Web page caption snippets
################

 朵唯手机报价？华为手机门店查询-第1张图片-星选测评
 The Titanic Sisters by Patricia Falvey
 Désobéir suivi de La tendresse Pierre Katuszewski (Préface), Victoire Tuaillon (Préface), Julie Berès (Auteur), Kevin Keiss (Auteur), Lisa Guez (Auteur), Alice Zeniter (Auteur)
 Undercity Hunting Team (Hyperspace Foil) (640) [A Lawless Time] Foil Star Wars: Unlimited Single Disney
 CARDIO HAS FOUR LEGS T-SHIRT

################

Exercise brief: Would you retype the lines of the data above, from the one holding "Désobéir suivi de" through its final line, exactly and without adding any other line?

Answer space:
 Désobéir suivi de La tendresse Pierre Katuszewski (Préface), Victoire Tuaillon (Préface), Julie Berès (Auteur), Kevin Keiss (Auteur), Lisa Guez (Auteur), Alice Zeniter (Auteur)
 Undercity Hunting Team (Hyperspace Foil) (640) [A Lawless Time] Foil Star Wars: Unlimited Single Disney
 CARDIO HAS FOUR LEGS T-SHIRT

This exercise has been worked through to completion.